ModelCheckpoint fails to format filename if save_freq is used

Hi everyone.

I’m trying to save a Keras model with ModelCheckpoint callback every two epochs.

If I save the model every epoch by using save_freq="epoch", everything is fine and I can use val_mean_absolute_error to format the filename. However, if I use 2* int(ceil(train_size/batch_size)) which is equal to two epochs, Keras shows an error.
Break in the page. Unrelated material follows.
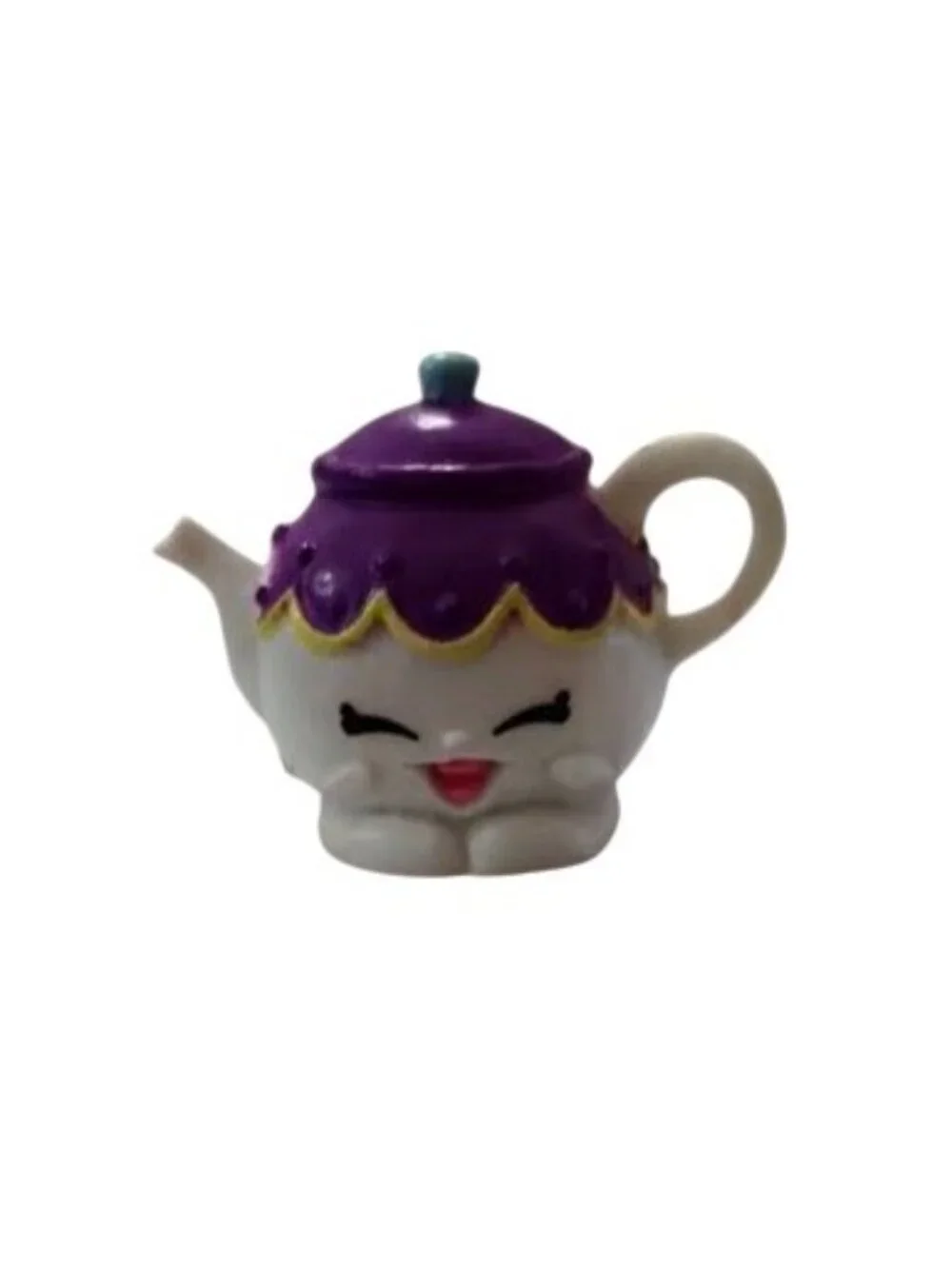 Shopkins Little Teapot #FF-025 Season 3 Toy With Mini Backpack Case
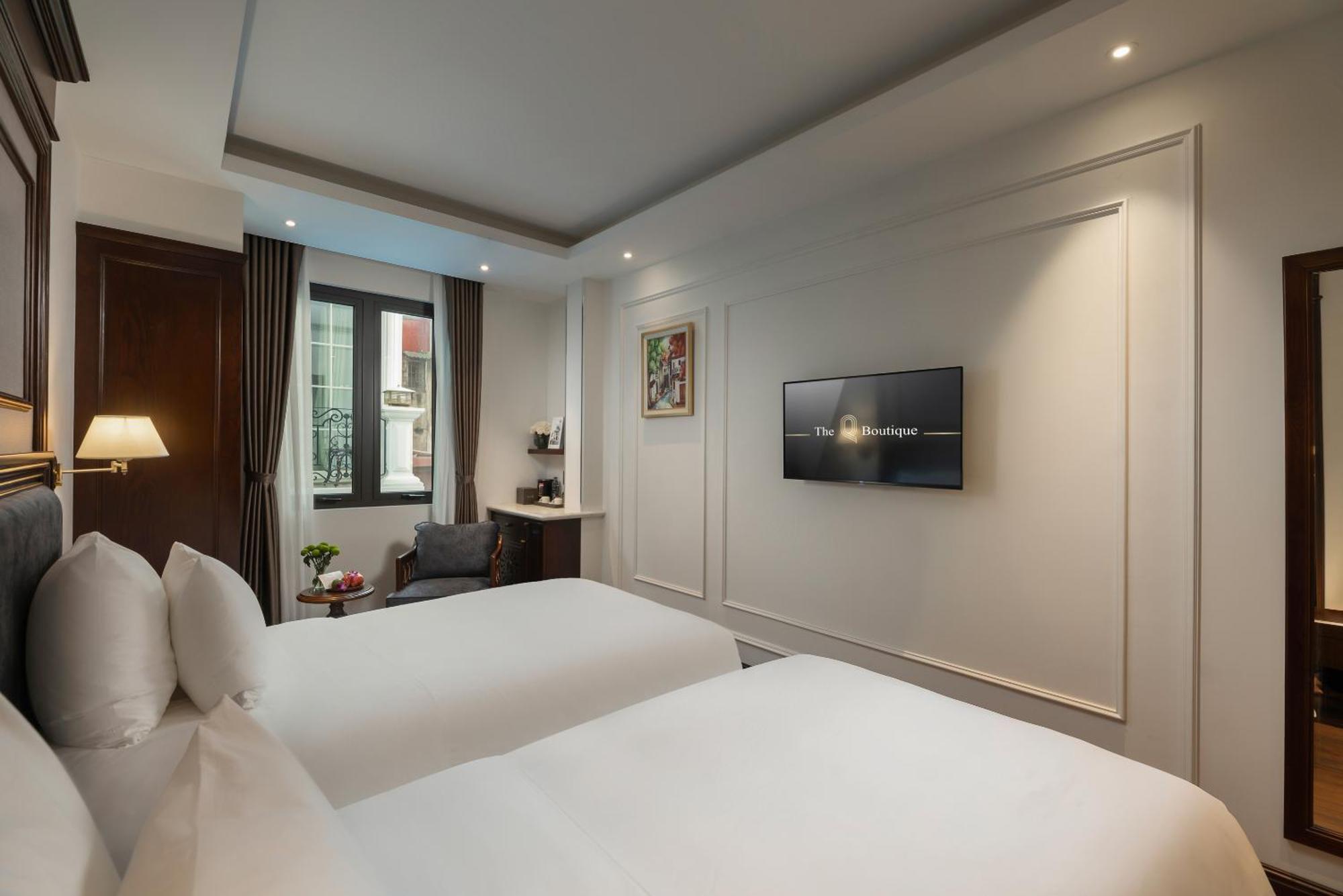 The Q Boutique Hotel ฮานอย ภายนอก รูปภาพ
KeyError: 'Failed to format this callback filepath: "saved-model_{epoch:02d}_{val_mean_absolute_error:.2f}.h5". Reason: \'val_mean_absolute_error\'' 

Below is the code, got it from here:

import tensorflow as tf
from tensorflow import keras

def get_model():
    model = keras.Sequential()
    model.add(keras.layers.Dense(1, input_dim=784))
    model.compile(
        optimizer=keras.optimizers.RMSprop(learning_rate=0.1),
        loss="mean_squared_error",
        metrics=["mean_absolute_error"],
    )
    return model

# Load example MNIST data and pre-process it
(x_train, y_train), (x_test, y_test) = tf.keras.datasets.mnist.load_data()
x_train = x_train.reshape(-1, 784).astype("float32") / 255.0
x_test = x_test.reshape(-1, 784).astype("float32") / 255.0

# Limit the data to 1000 samples
x_train = x_train[:1000]
y_train = y_train[:1000]
x_test = x_test[:1000]
y_test = y_test[:1000]


nSteps = int(tf.math.ceil(len(x_train)/128))
filepath = "saved-model_{epoch:02d}_{val_mean_absolute_error:.2f}.h5"

callbacks = [
    tf.keras.callbacks.ModelCheckpoint(filepath=filepath, monitor='val_mean_absolute_error', verbose=1, 
            save_best_only=False, mode='min', save_freq=2*nSteps)
]

model = get_model()
history = model.fit(
    x_train,
    y_train,
    validation_data=(x_test,y_test),
    batch_size=128,
    epochs=4,
    verbose=1,
    callbacks=callbacks,
)

I’m not sure if it’s a bug, but something is not right!

Thank you.

==================
Edited:

After a bit of debugging, I found this code in callback.py

  def _implements_train_batch_hooks(self):
    # Only call batch hooks when saving on batch
    return self.save_freq != 'epoch'

  def _implements_train_batch_hooks(self):
    """Determines if this Callback should be called for each train batch."""
    return (not generic_utils.is_default(self.on_batch_begin) or
            not generic_utils.is_default(self.on_batch_end) or
            not generic_utils.is_default(self.on_train_batch_begin) or
            not generic_utils.is_default(self.on_train_batch_end))

  def _implements_test_batch_hooks(self):
    """Determines if this Callback should be called for each test batch."""
    return (not generic_utils.is_default(self.on_test_batch_begin) or
            not generic_utils.is_default(self.on_test_batch_end))

Accordingly, if I set save_freq='epoch', self.on_train_batch_end() is skipped and self.on_test_batch_end can format the filename correctly. So I think this is a bug and the code should consider somehow if the save_freq == n_epoch or provides another parameter to say if it is epoch or step.